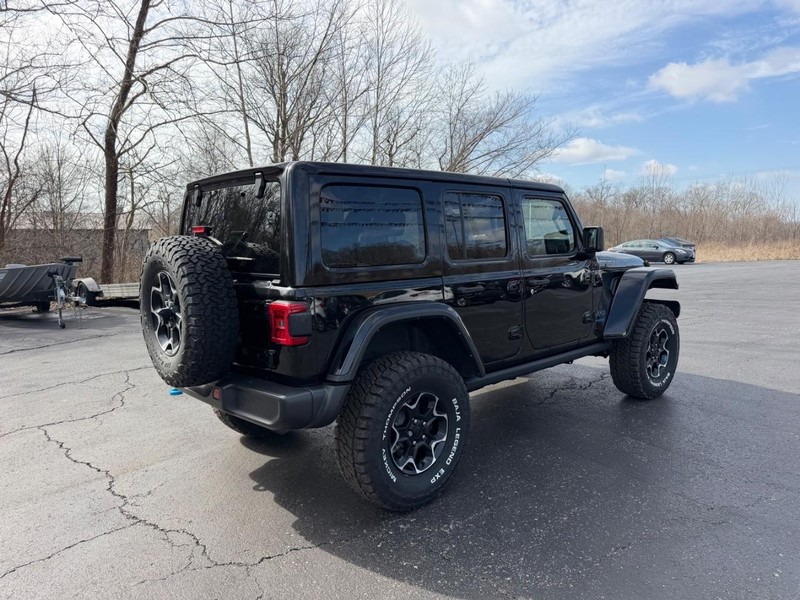 Jeep Wrangler 4xe Vehicle Image 03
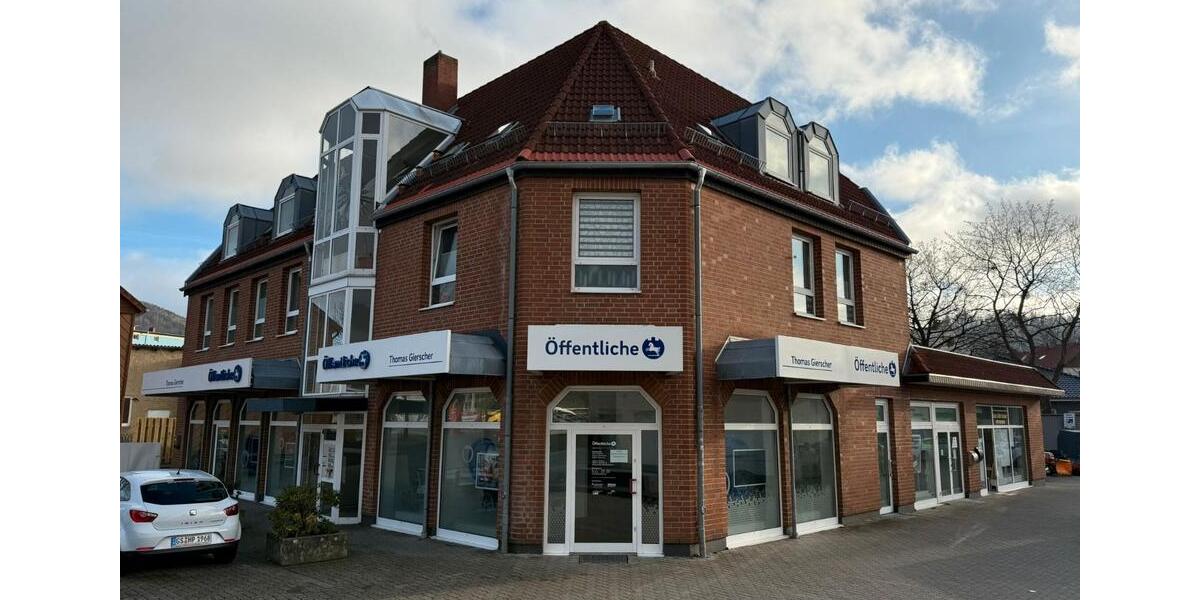 Gewerbeobjekt Bad Harzburg - 650&euro; | Angebot:26087260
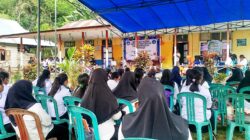 Rapat Kerja Tahunan PAUD Kecamatan Balantak 2025 Sinergi Memperkuat Pendidikan Usia Dini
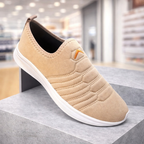 Kit 3 Pares Tênis Calce Fácil Adulto Feminino Unissex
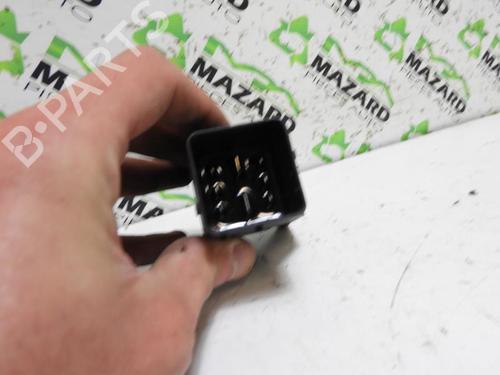 Used Electronic module Electronic module PEUGEOT 2008 I (CU_) 1.6 BlueHDi 100 (100 hp) 20071900 20071900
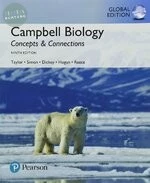 CAMPBELL BIOLOGY: CONCEPTS & CONNECTIONS (9版)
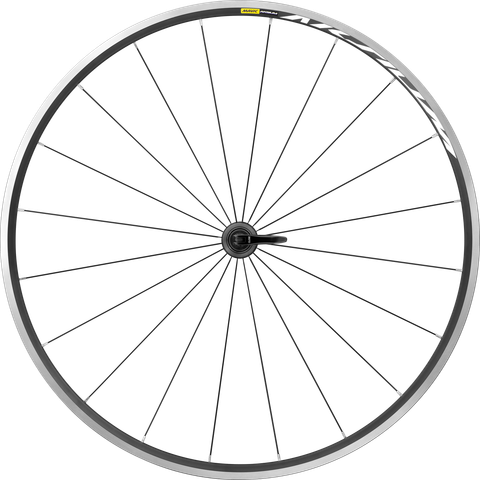 Mavic Mavic Aksium voorwiel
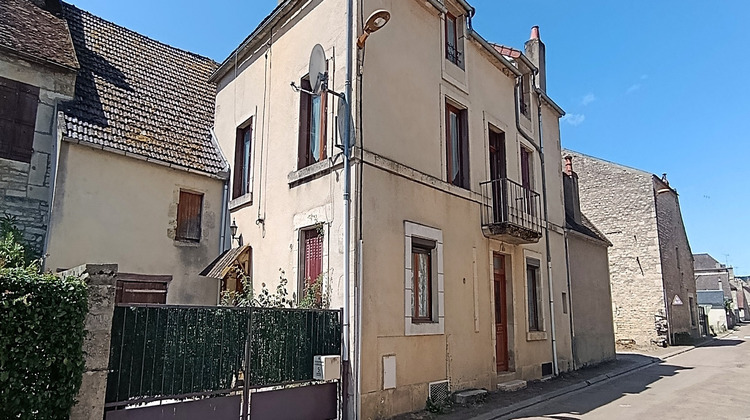 Ma-Cabane - Vente Maison DORNECY, 120 m²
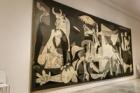 Spanish culture ministry denies loan of Picasso's Guernica to Bilbao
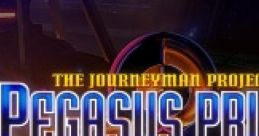 The Journeyman Project: Pegasus Prime - The Original track The Journeyman Project, The Journeyman Project: Pegasus Prime -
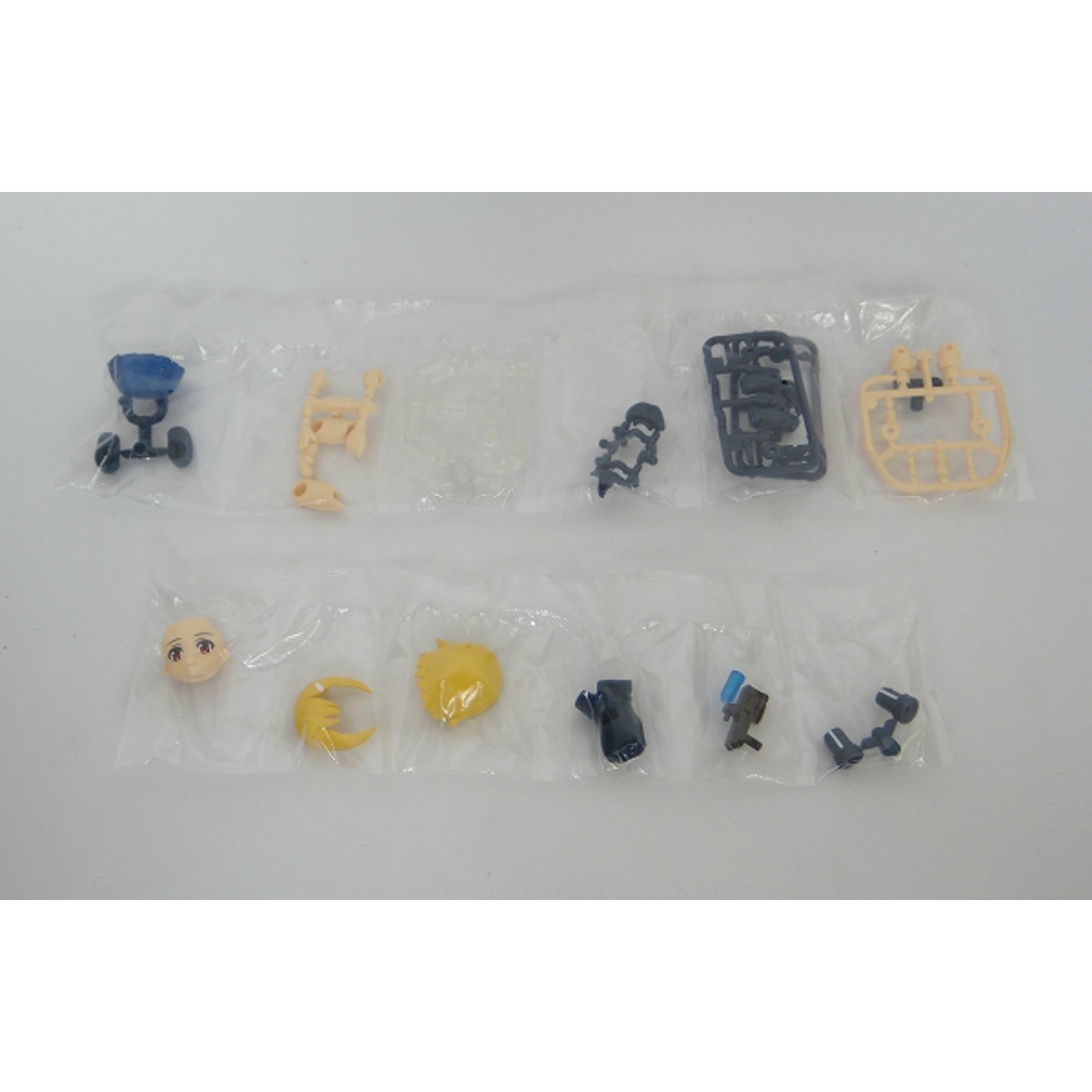 バンダイ AQUA SHOOTERS!(アクアシューターズ!) 01② 大塚 ことみ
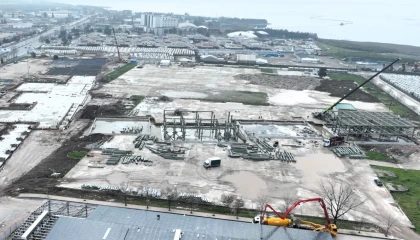 Kocaeli’nin 7’den 70’e ’sosyal’ dev projesi sürüyor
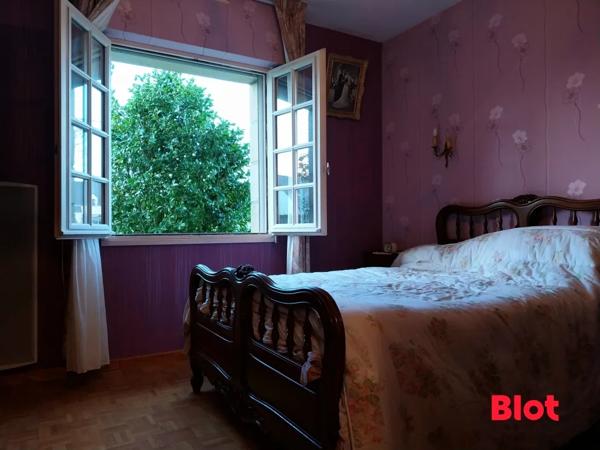 Maison 6 pièce(s)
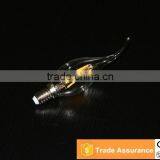 E12/E14 B35 4W 400lm LED Filament Flickering Flame Candle Bulb CE/RoSH/TUV/FCC/UL 708 thumbnail-1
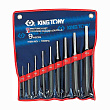 KINGTONY Набор выколоток, 9 предметов 1009PR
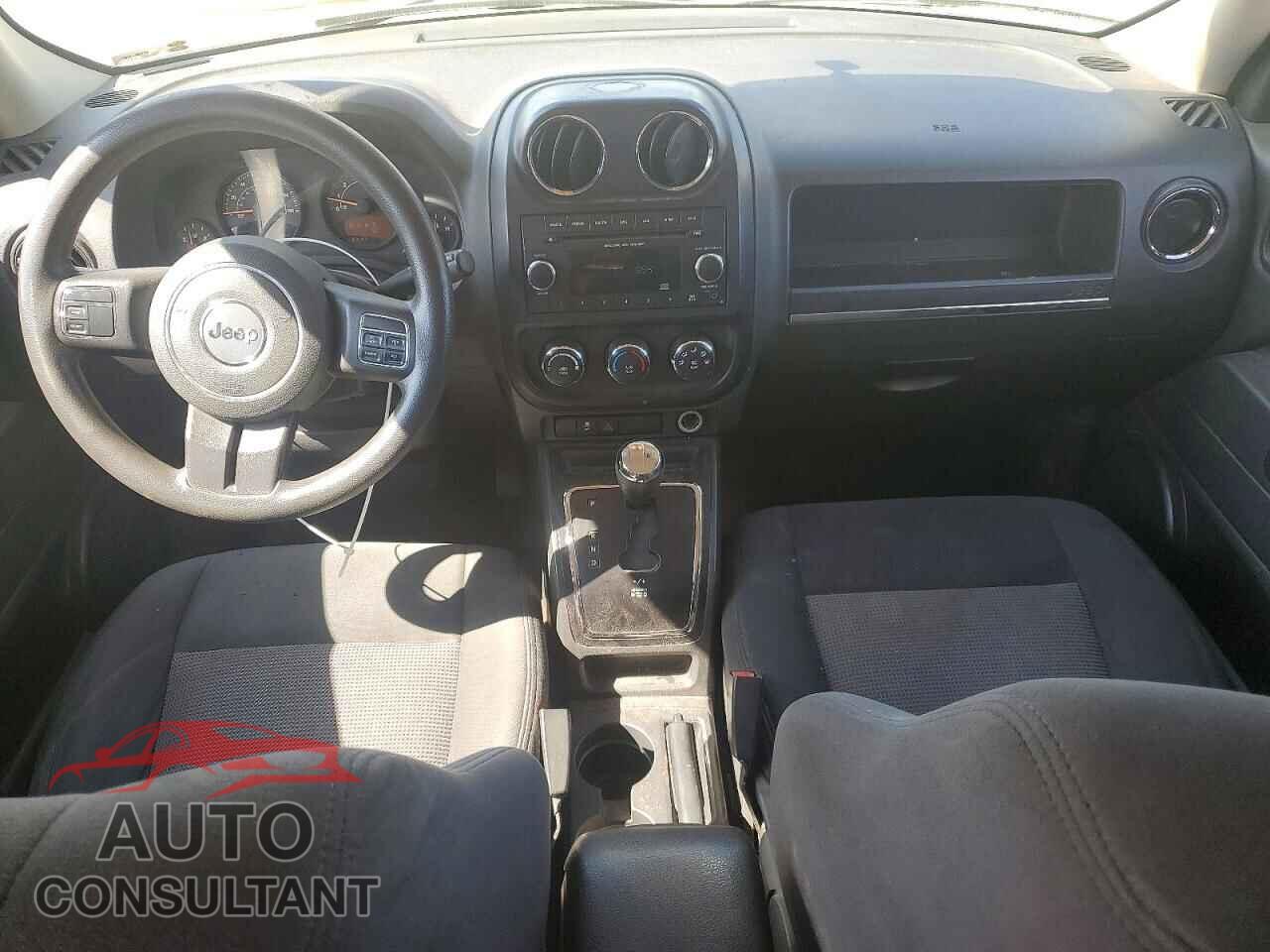 JEEP PATRIOT 2014 - 1C4NJPBB2ED916351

> _Exercise aim_:
Print the records verbatim, without pictures.

> _Exercise solution_:
 Jeep Wrangler 4xe Vehicle Image 03
 Gewerbeobjekt Bad Harzburg - 650&euro; | Angebot:26087260
 Rapat Kerja Tahunan PAUD Kecamatan Balantak 2025 Sinergi Memperkuat Pendidikan Usia Dini
 Kit 3 Pares Tênis Calce Fácil Adulto Feminino Unissex
 Used Electronic module Electronic module PEUGEOT 2008 I (CU_) 1.6 BlueHDi 100 (100 hp) 20071900 20071900
 CAMPBELL BIOLOGY: CONCEPTS & CONNECTIONS (9版)
 Mavic Mavic Aksium voorwiel
 Ma-Cabane - Vente Maison DORNECY, 120 m²
 Spanish culture ministry denies loan of Picasso's Guernica to Bilbao
 The Journeyman Project: Pegasus Prime - The Original track The Journeyman Project, The Journeyman Project: Pegasus Prime -
 バンダイ AQUA SHOOTERS!(アクアシューターズ!) 01② 大塚 ことみ
 Kocaeli’nin 7’den 70’e ’sosyal’ dev projesi sürüyor
 Maison 6 pièce(s)
 E12/E14 B35 4W 400lm LED Filament Flickering Flame Candle Bulb CE/RoSH/TUV/FCC/UL 708 thumbnail-1
 KINGTONY Набор выколоток, 9 предметов 1009PR
 JEEP PATRIOT 2014 - 1C4NJPBB2ED916351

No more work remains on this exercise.